*** Opening Records provided ***

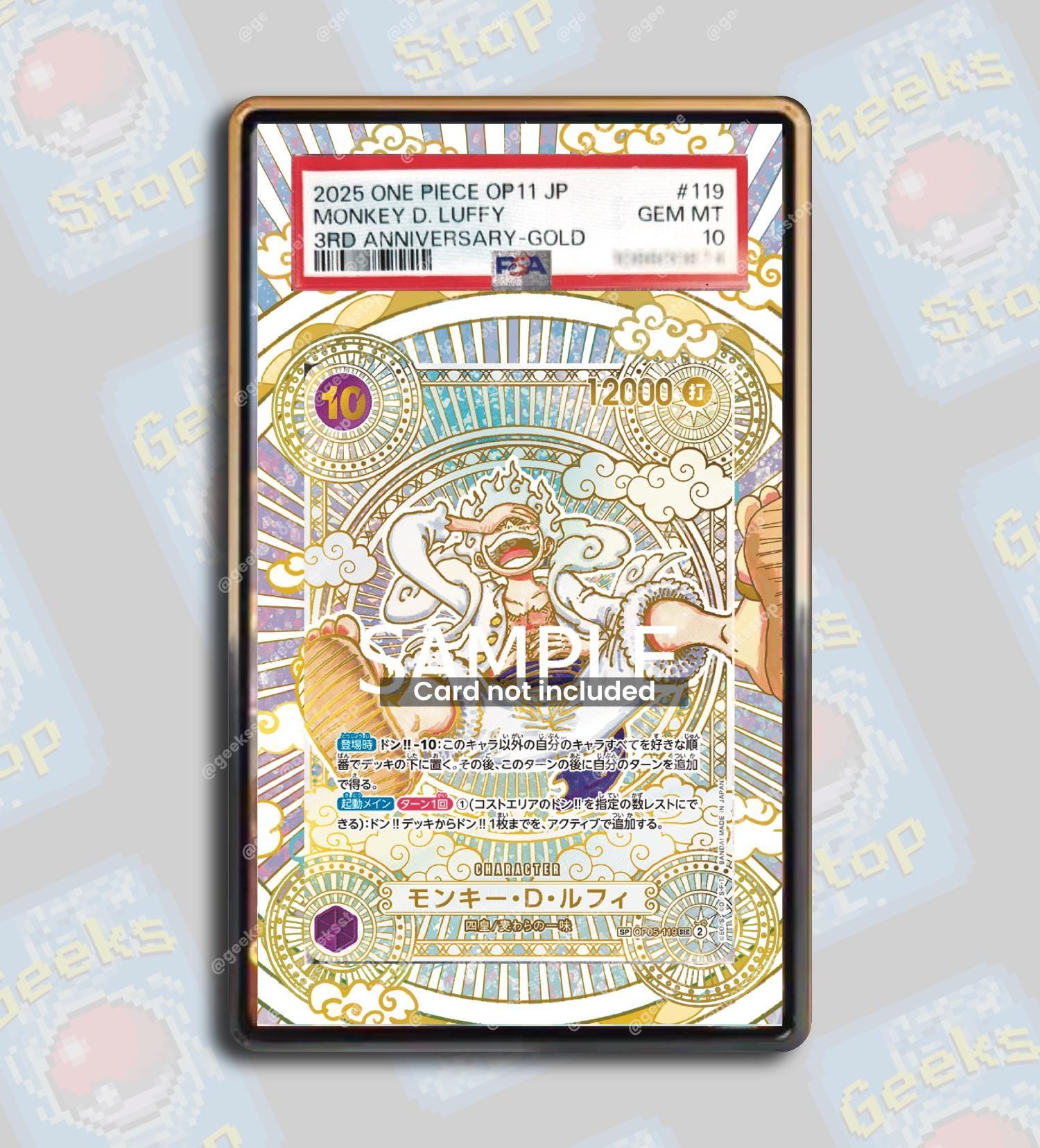 Luffy Anniversary Gold PSA TAG Beckett | Extended Art Display Case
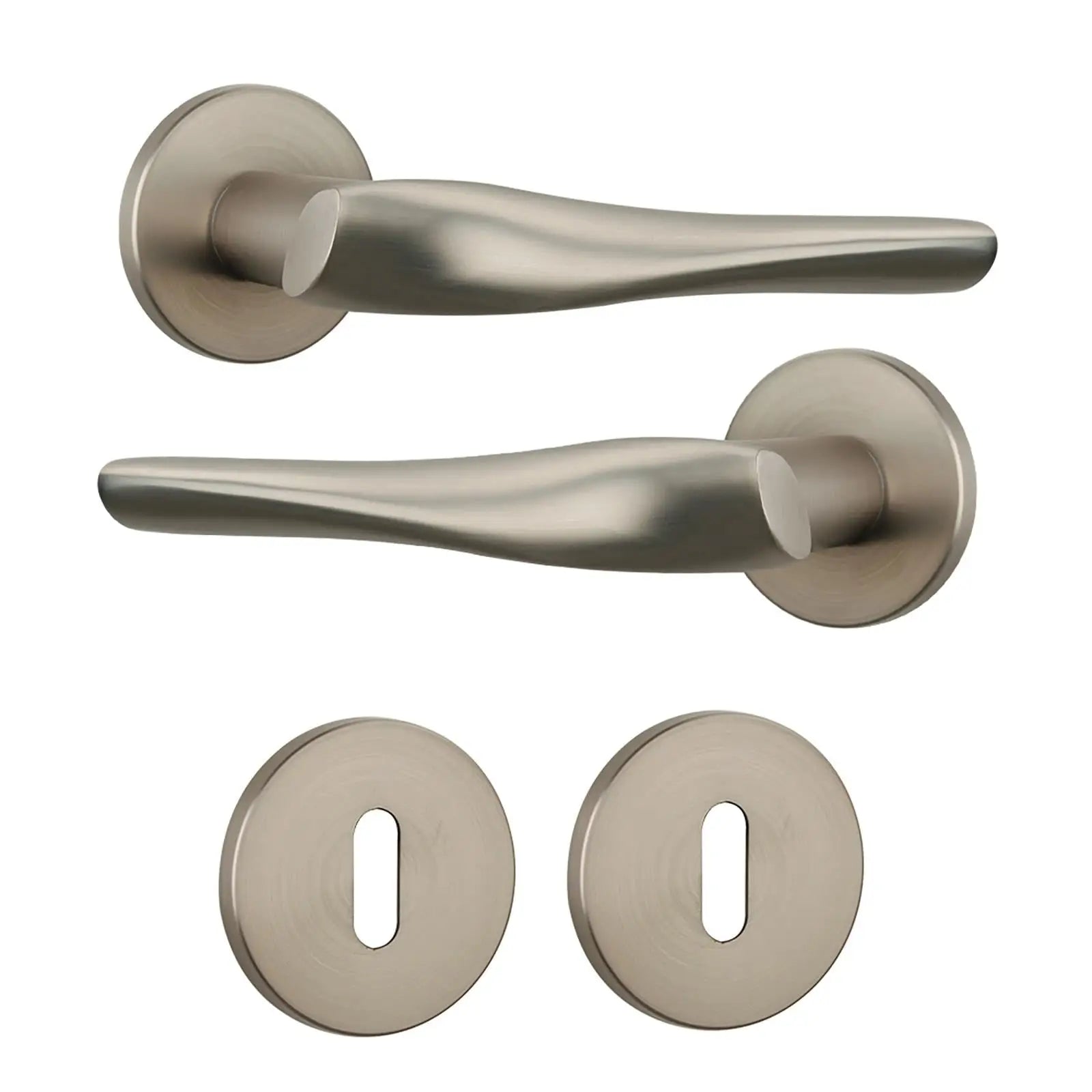 Nanda Satin Nickel Privacy Door Handles - Sash Lock Kit Set - Handle –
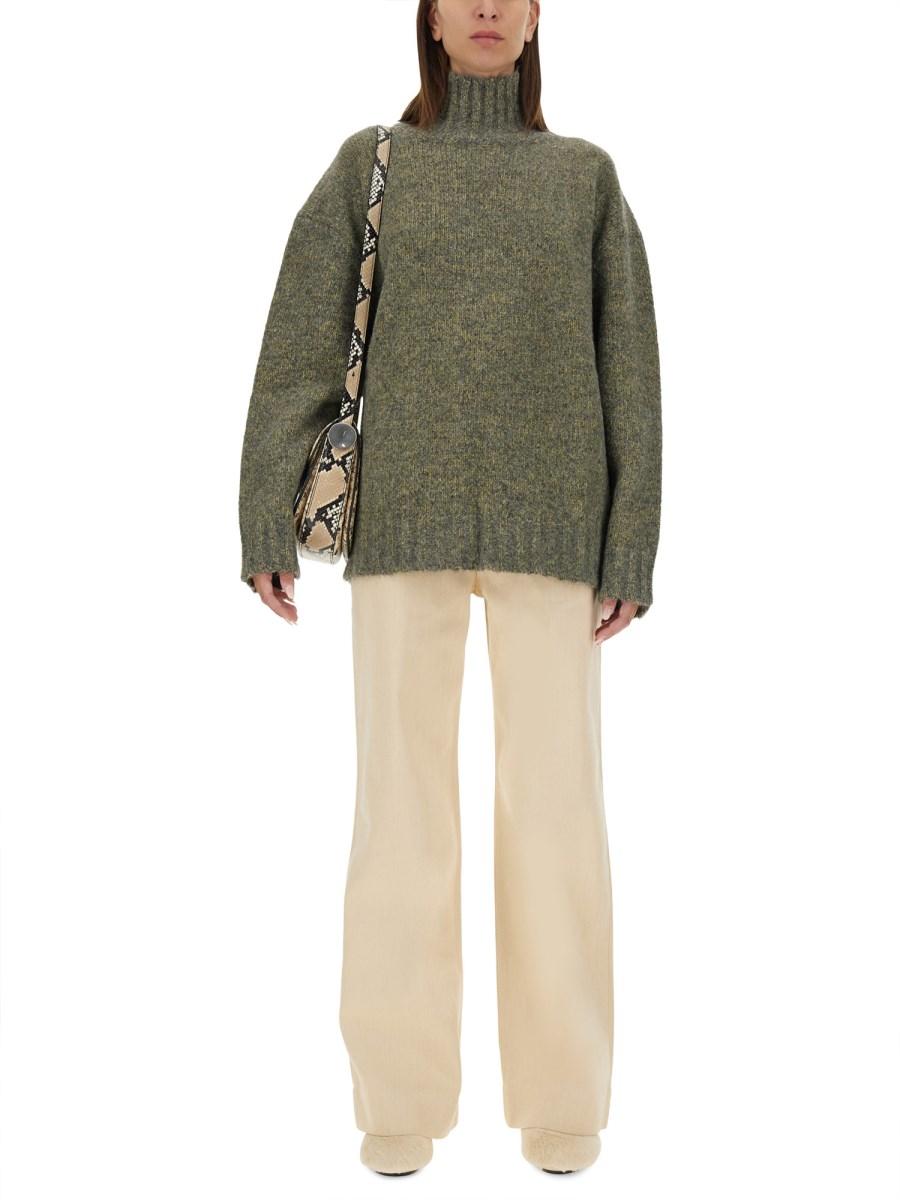 JIL SANDER PANTALONE SVASATO IN TWILL DI COTONE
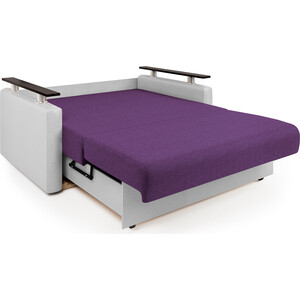 Диван-кровать Шарм-Дизайн Шарм 140 фиолетовая рогожка и экокожа белая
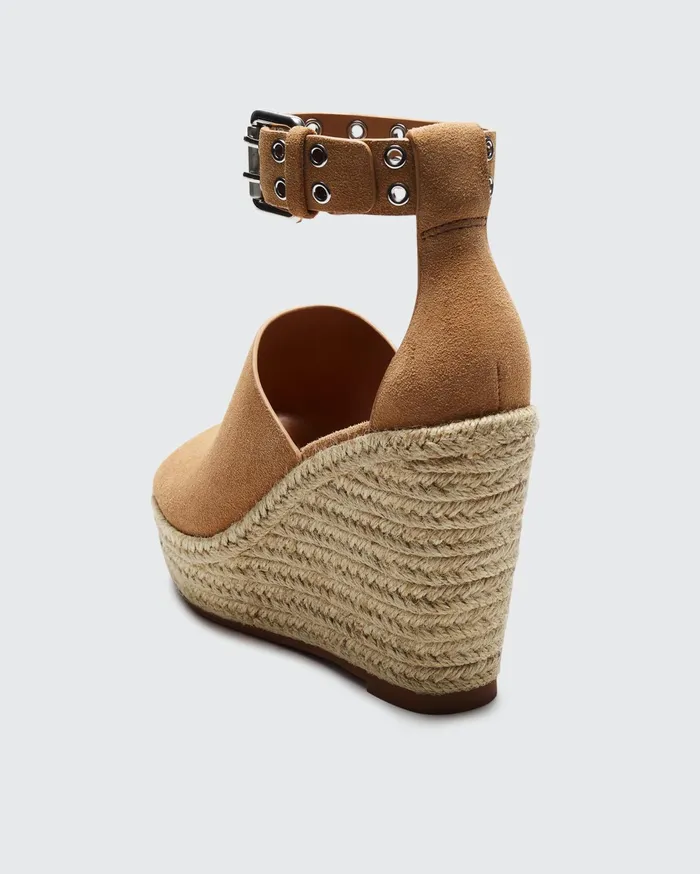 Rag and Bone Anteros Espadrille Wedge Oak Brown Suede Women Sandals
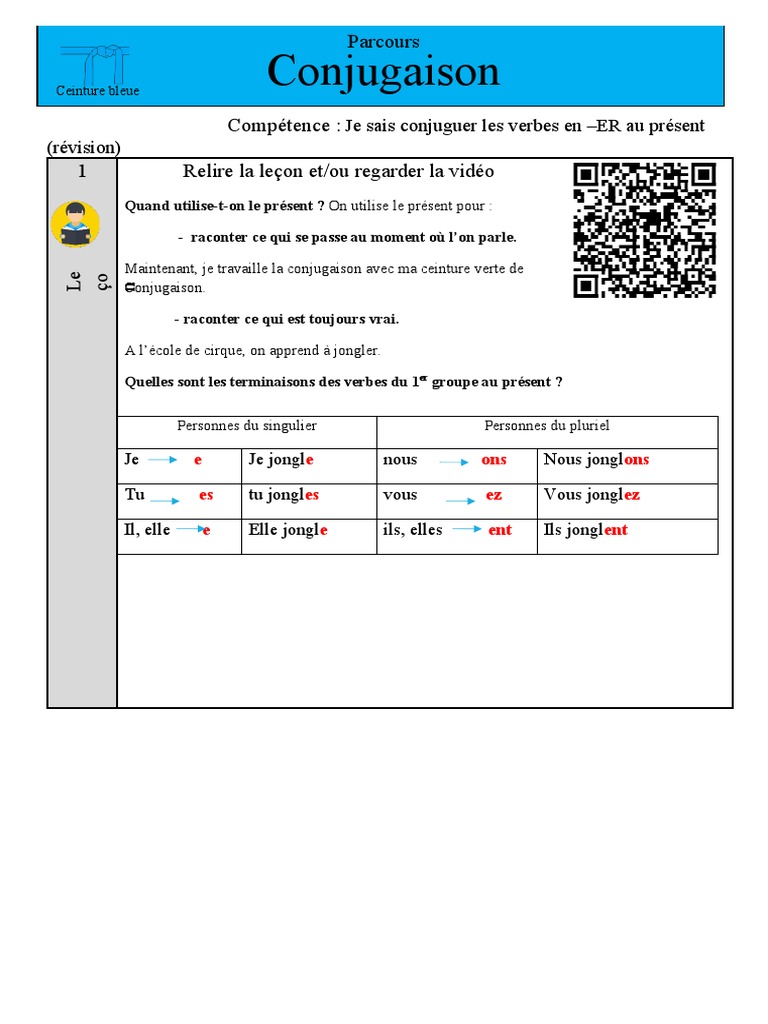 Conjugaison des verbes en -ER au présent | PDF | Verbe | Mécanique du ...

*** Closing Records provided ***

§ **Task**: Return all the data exactly, pictures omitted.

§ **Completed task**:
 Luffy Anniversary Gold PSA TAG Beckett | Extended Art Display Case
 Nanda Satin Nickel Privacy Door Handles - Sash Lock Kit Set - Handle –
 JIL SANDER PANTALONE SVASATO IN TWILL DI COTONE
 Диван-кровать Шарм-Дизайн Шарм 140 фиолетовая рогожка и экокожа белая
 Rag and Bone Anteros Espadrille Wedge Oak Brown Suede Women Sandals
 Conjugaison des verbes en -ER au présent | PDF | Verbe | Mécanique du ...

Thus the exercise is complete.